Anyway, over the course of a week his communication got worse and culminated with two days of radio silence. Then I got a 1AM text telling me that he hates to do this and feels horrible but he's getting back with his ex-girlfriend. He clarifies that he was "super into" me and thinks I'm "amazing," and that he just "can't do this anymore." He also adds that the fact that I'm graduating next semester while he's just starting is a problem for him (which is valid!).
Anyway, it turns out that he was lying about getting back with his ex. He matched with a couple of my gay friends on Tinder, so he was obviously still swiping. His ex is also not following him on Instagram, so there's that. I send him a text and don't hear back for several hours. I figured I wouldn't get the truth from him anyway, so I text the two friends I got along with the best and hoped they'd be adult and give me the truth -- they don't, they just ignored it, which I expected.

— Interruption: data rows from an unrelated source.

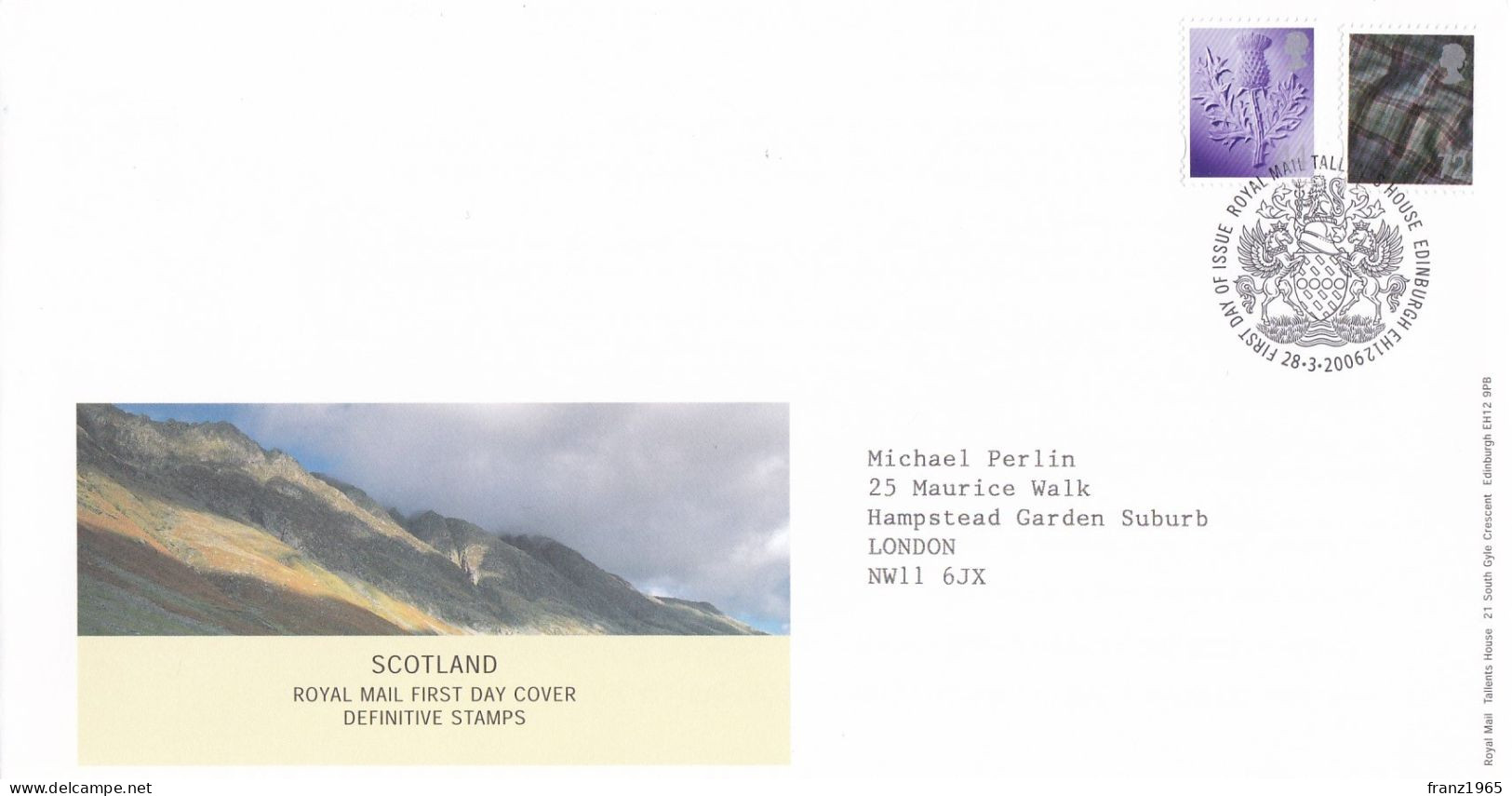 Scotland Definitive - 2006 - 2001-10 Ediciones Decimales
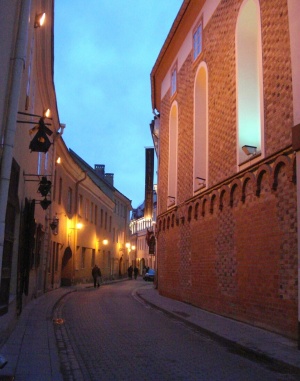 Stiklių gatvė, Vilnius.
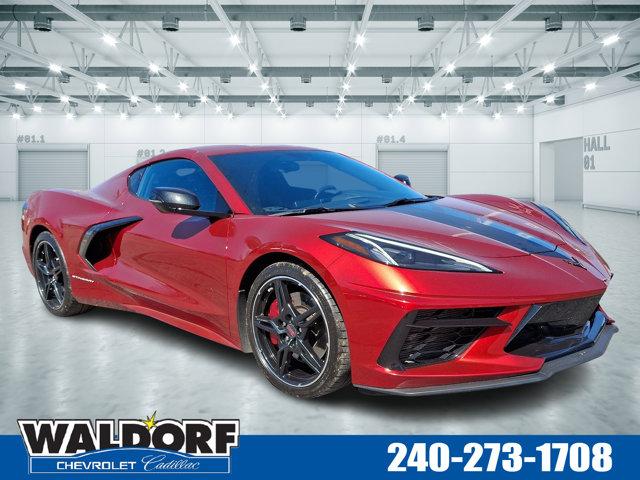 used 2021 Chevrolet Corvette car, priced at $60,390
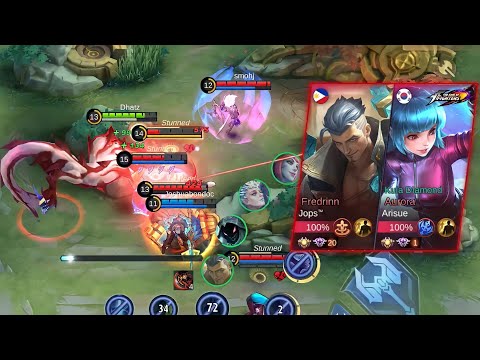 YU ZHONG VS PRO FREDRINN! WHO'S TOUGHER?! | YU ZHONG TOP GLOBAL - MLBB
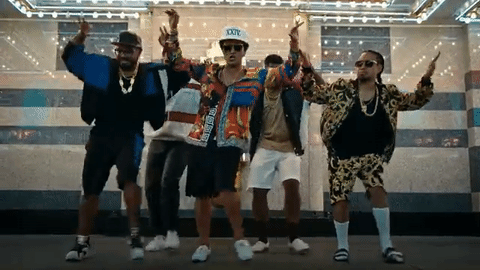 bruno mars GIF by NOW That's Music
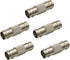 Zkarabc BNC Female to Female Coupler, Pure Brass SDI Barrel Connector Adapter with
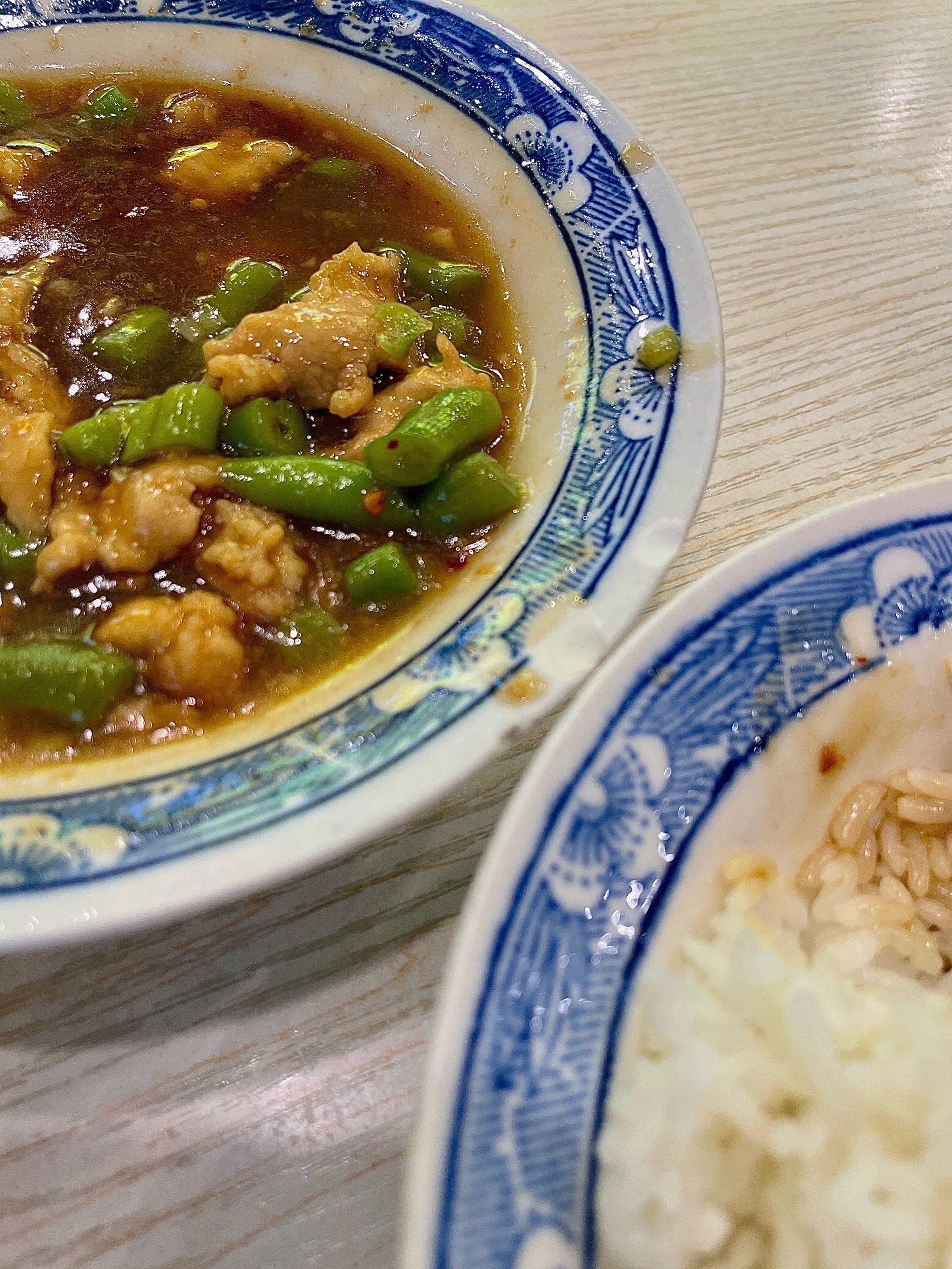 晋城人的大米过油肉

Anyway, the guy finally responded and said "who did you hear that from" instead of flatly denying it. He then said "well I didn't mean to match with him. I'm not on tinder" which is clearly a lie (it's so obviously a lie that I cannot believe he doubled down). He then said he'd appreciate it if I wouldn't text those two friends, which is completely fair. Those two have since unfollowed me on Insta, but the guy hasn't unfollowed me on anything. He views my stories, so I know for a fact he's aware that he still follows me.

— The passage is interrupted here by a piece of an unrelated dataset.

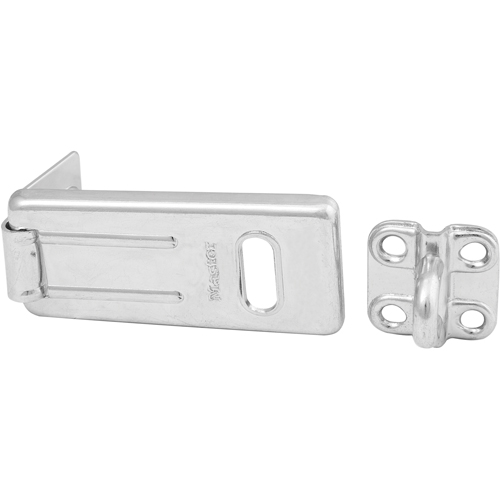 Moraillon de s&eacute;curit&eacute; g&eacute;n&eacute;rale en acier tremp&eacute;, Argent Absolute Business Supply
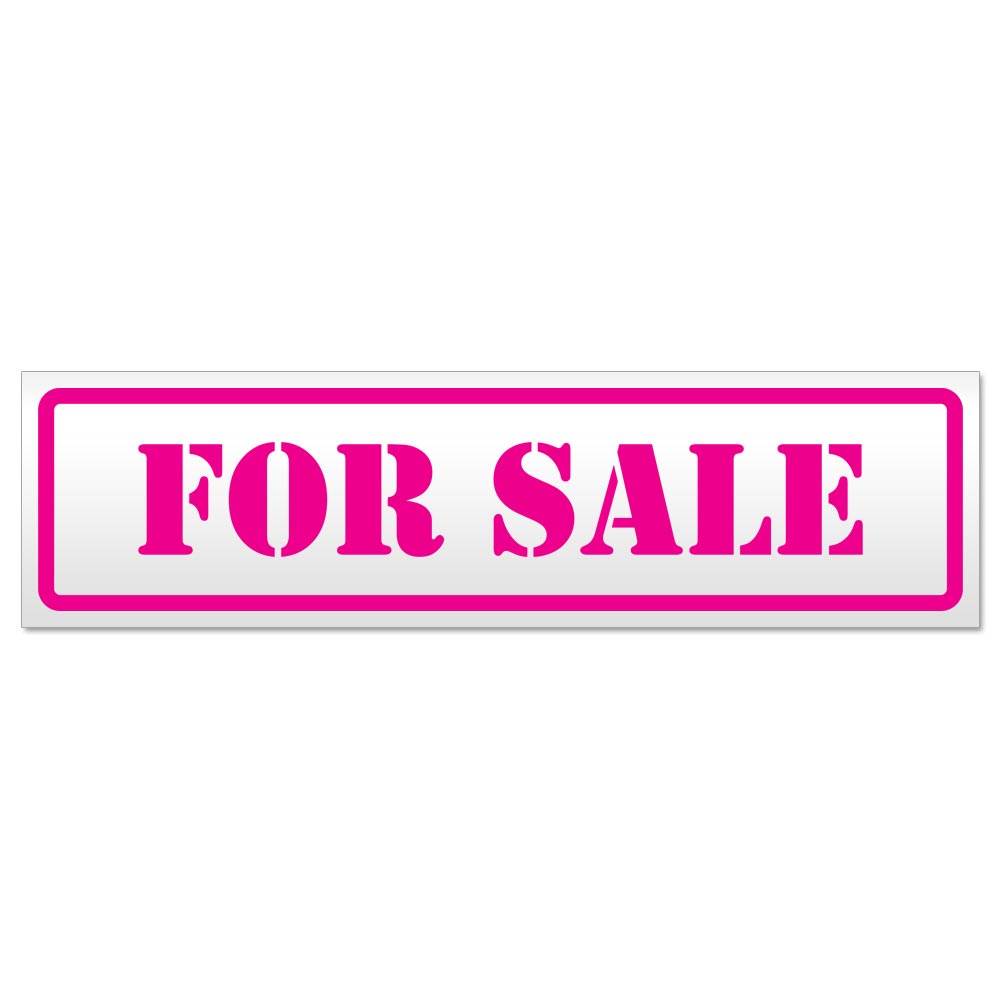 FOR SALE Magnetschild Schild magnetisch - Picture 13 of 25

I just can't understand the rapid decline -- we were going so strongly and within a week it was over. Did he just get spooked at the thought of commitment? Why lie instead of just being honest? If he's trying to cut me off why wouldn't he block me on everything as well? Can it all be boiled down to the fact that he's just an immature kid who doesn't know how to deal with interpersonal relationships yet?